The other side of the hotel, its underside, will be about 10 feet below grade as most parking goes into a 228-space, below-ground parking garage. Parking, like the number of rooms, has its own series of rules and issues, and rooms generally dictate parking spaces. But a below-ground structure two blocks from the beach has the added complication of sea rise to consider.
Cearnal set the first floor of the hotel at 13.5 feet above the current surface to avoid ocean intrusion. The land itself, now hosting a hodgepodge of storage containers, roams from a high point of 15 feet at Yanonali to an average of 10 feet or so. The garage floor is about 10 feet below the hotel’s first floor, Cearnal explained, and about 3.5 feet above the land surface to avoid the water table. Commissioner Thompson questioned whether that might rise along with the sea by century’s end.
Santa Barbara’s guiding sea-rise study, which is currently in the review stages, posits a six-foot rise in ocean level by 2100 should the world fail to implement any and all preventive measures. If this worst-case scenario becomes the future, the sea-level-rise maps at the city vulnerability assessment website show a “blue blob,” as Marshall called it, at the property by 2100 from tidal inundation and, indeed, along the entirety of the waterfront. It would also be a block closer to the beach from shoreline erosion.
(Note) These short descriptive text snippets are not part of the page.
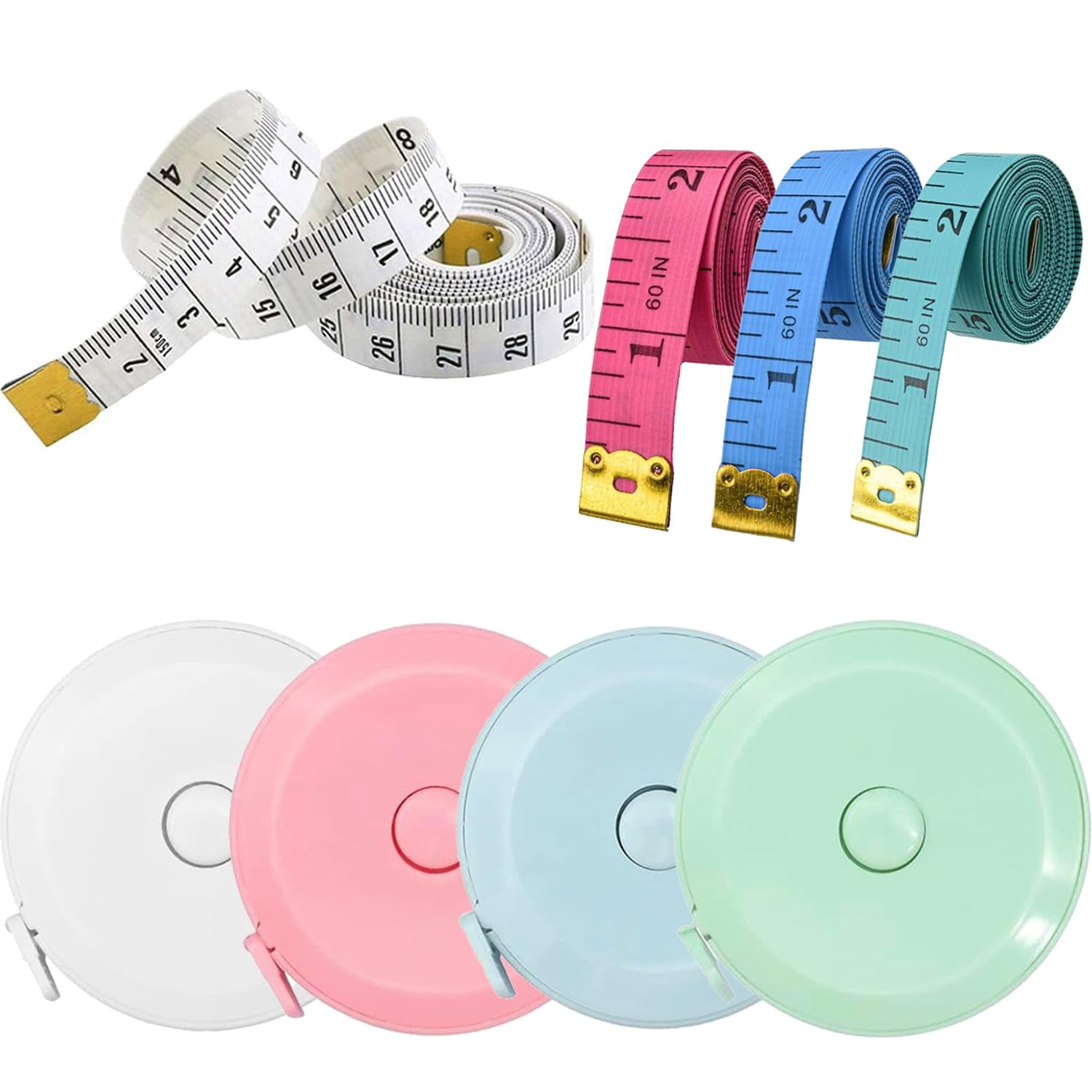 8 Pcs Measuring Tape Body Fabric Measuring Tape for Body Measurement Dual Sided 60 Inch/15M Soft Retractable Tailors Masuring Tape for Sewing Dessmakers Clothing for Measure Length Chest Waist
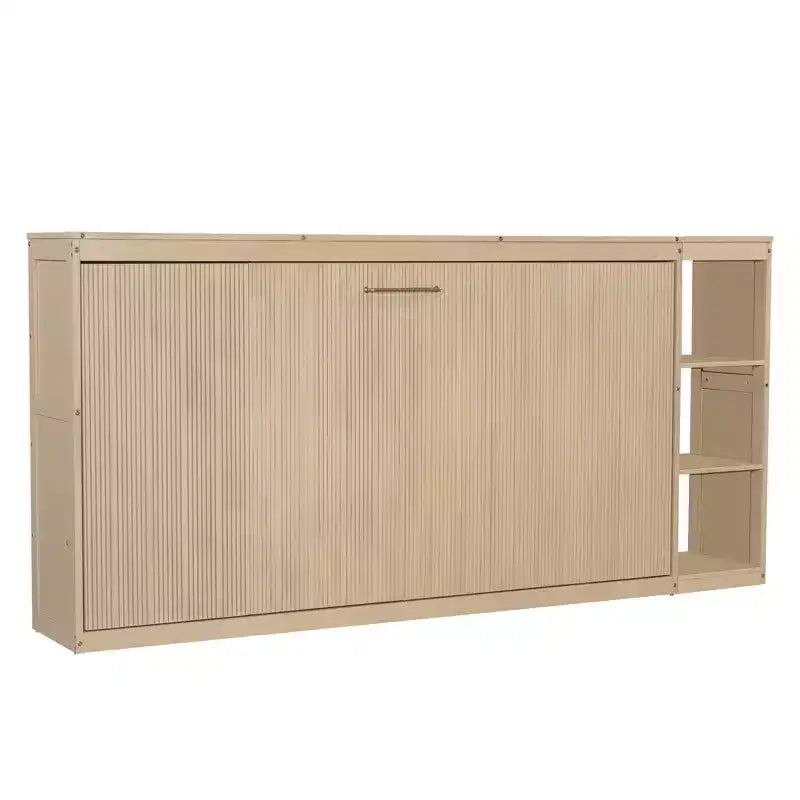 Double bed with built-in bookshelves and storage space to save space and eliminate the need for a mattress base.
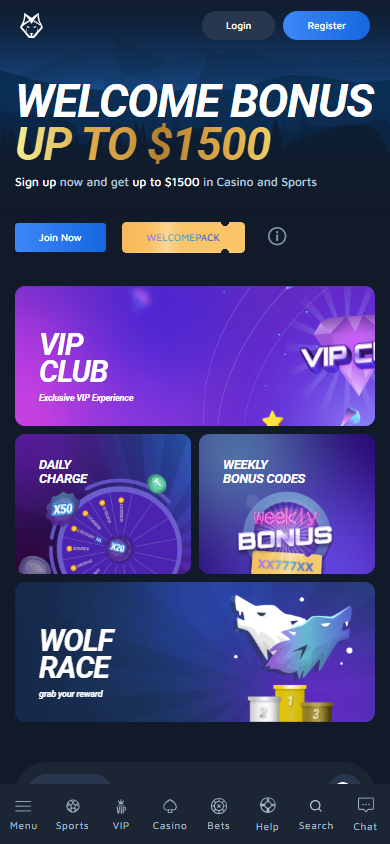 WOLFBET_Casino_homepage_mobile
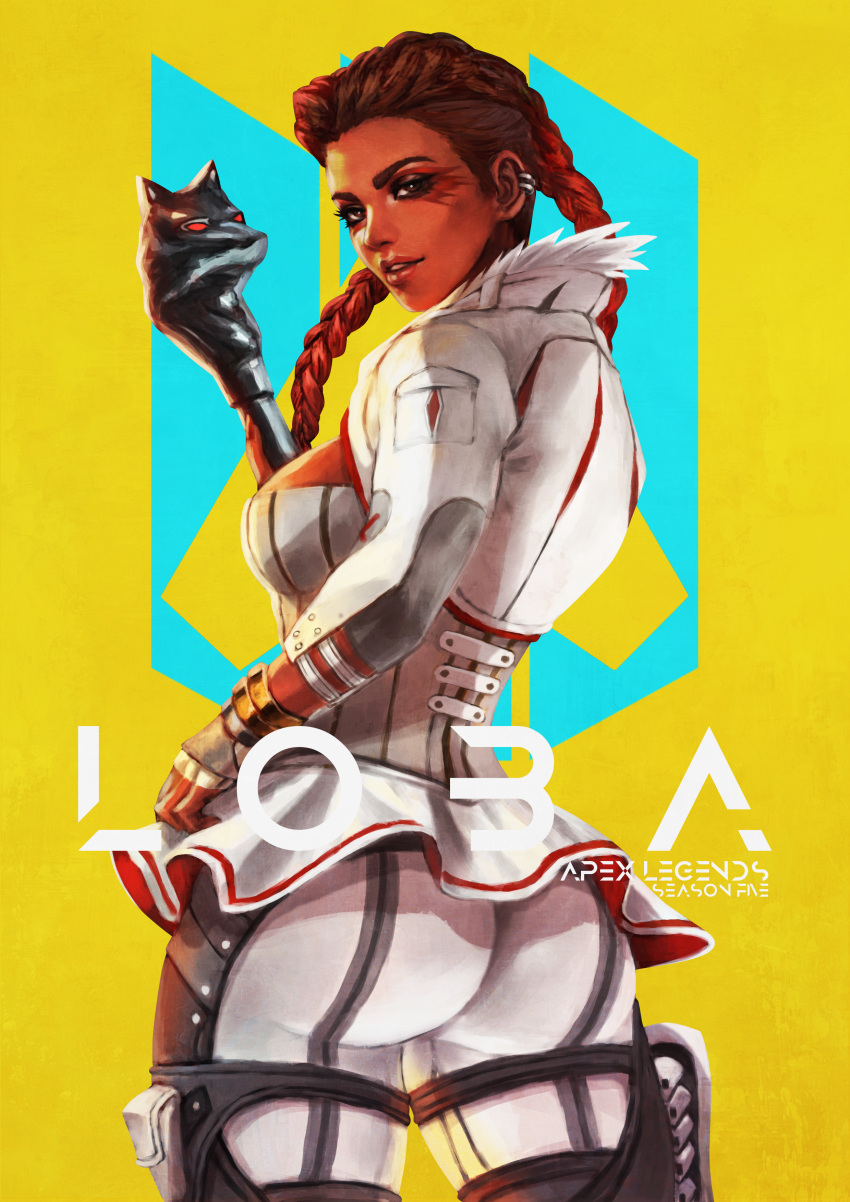 1girl absurdres apex_legends ass backlighting braid breasts character_name commentary copyright_name corset cropped_jacket dark_skin earrings english_commentary eyelashes eyeshadow facial_mark fingerless_gloves from_behind gloves hair_slicked_back highres jewelry large_breasts lips loba_(apex_legends) looking_at_viewer looking_back makeup monori_rogue nose pants skin_tight solo staff thick_eyebrows thighhighs twin_braids undercut white_pants
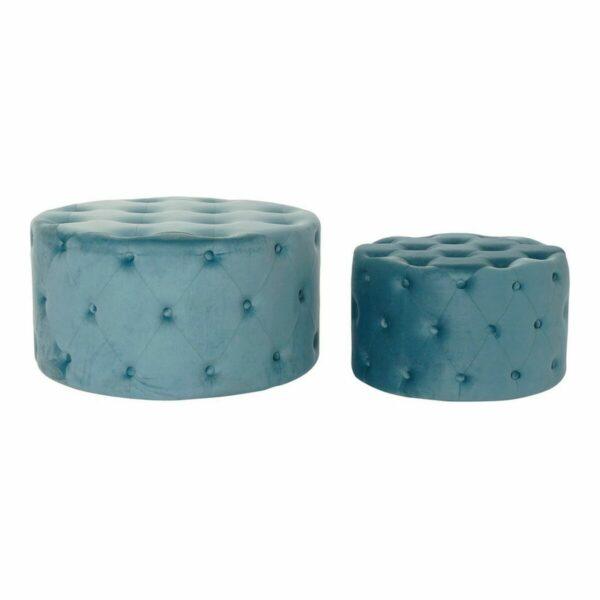 Repousa pés DKD Home Decor Azul Moderno Velvet Madeira MDF (2 pcs)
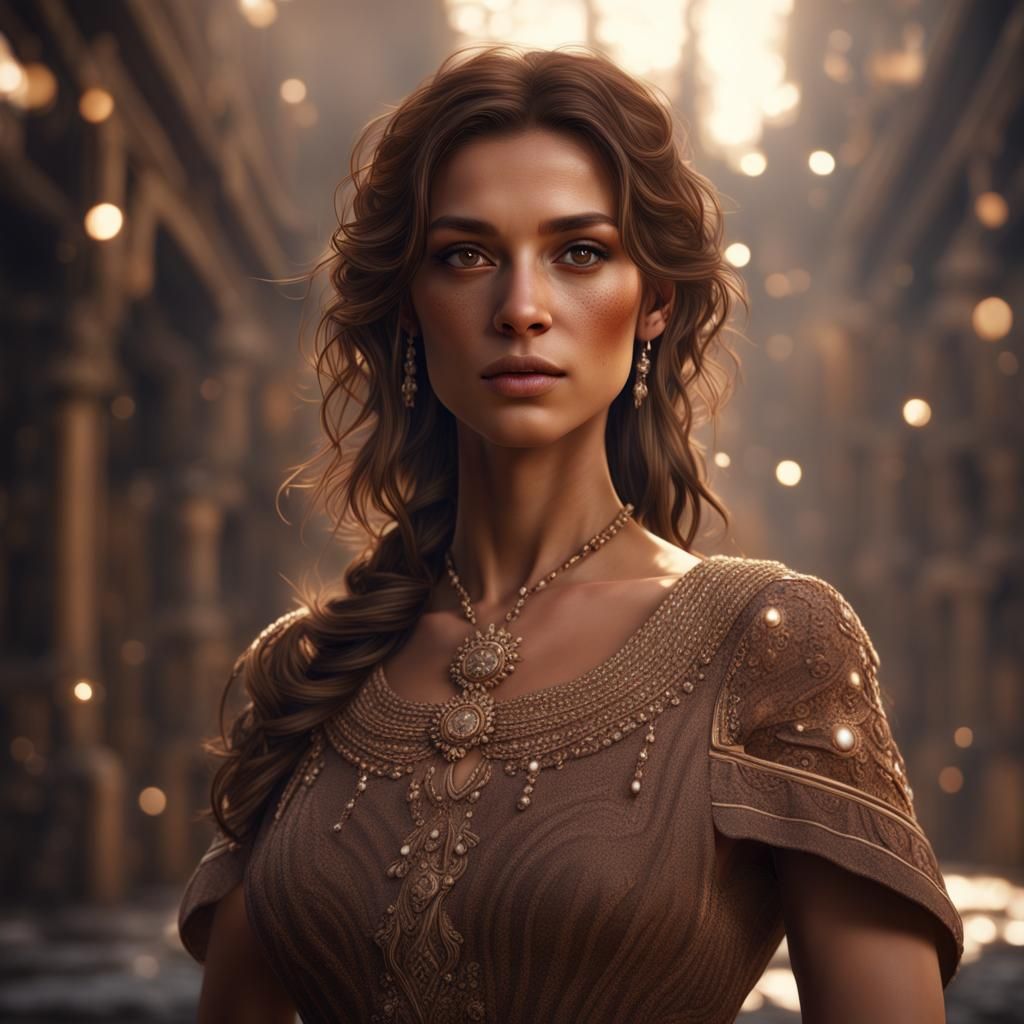 Woman in Brown Dress: Detailed Matte Painting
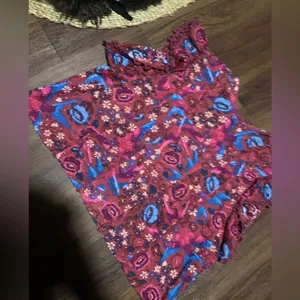 Farm Rio Floral Birds Blush Sleeveless Blouse Size XL $149 boho embroidered fall thumbnail 8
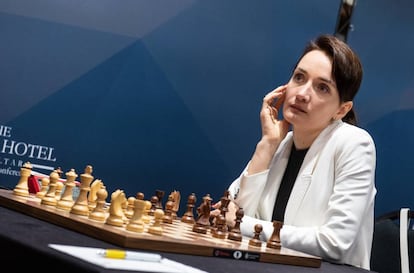 Kateryna Lagno, durante una de las partidas del Gran Premio Femenino en Gibraltar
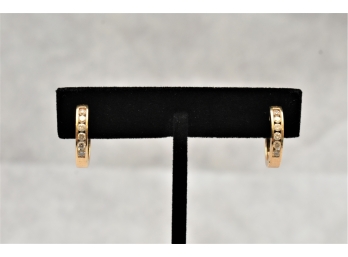 14k Gold Diamond Studded Hoops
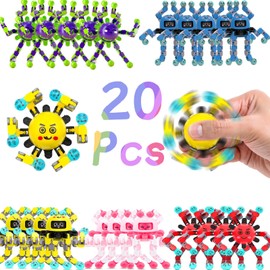 20 Pcs Transformable Fidget Spinner Toys for Kids & Adults,Stress Relief Sensory Toys for Boys & Girls, Fingertip Gyros for ADHD Autism for Birthday Gifts Party Favors Toy Christmas Stocking Stuffers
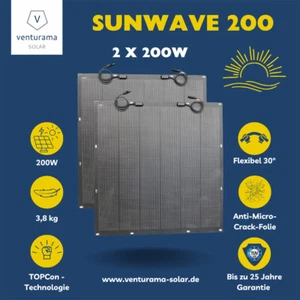 Venturama SunWave 2 x 200W flexible Full Black PV Module Solarmodul Solarpanel - Bild 1 von 7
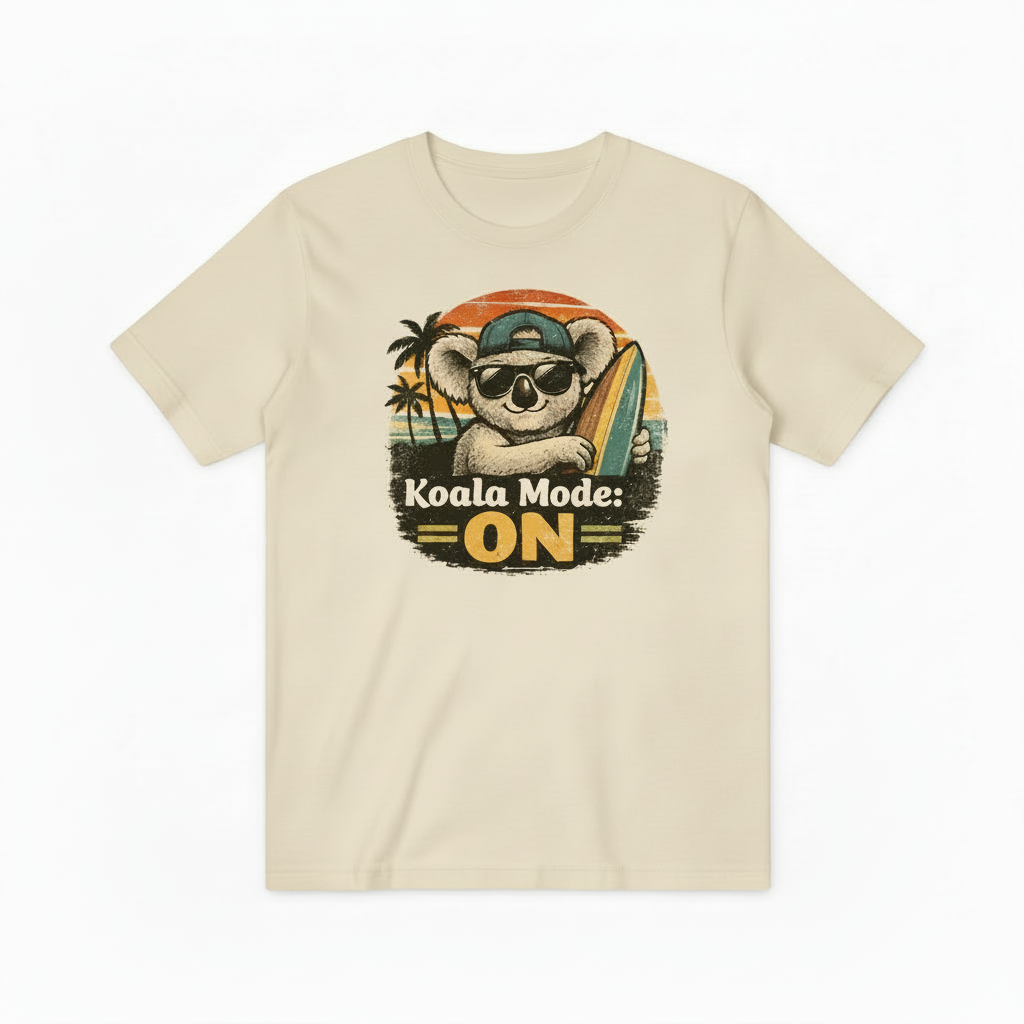 Funny Koala Surfing Graphic Tee - Beach Lover T-Shirt T4034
With the city continuing to be closed on alternate Fridays, a closure first implemented during the Great Recession, no clearer answers were forthcoming by the Independent‘s deadline on what that means for the depth of ocean likely at 101 Garden Street. Heal the Ocean founder Hillary Hauser, however, wrote a letter that cautioned the Planning Commission against any decisions on coastal zone development. “Sea Level Rise was not an issue in 1983,” said Hauser, “but it is now.”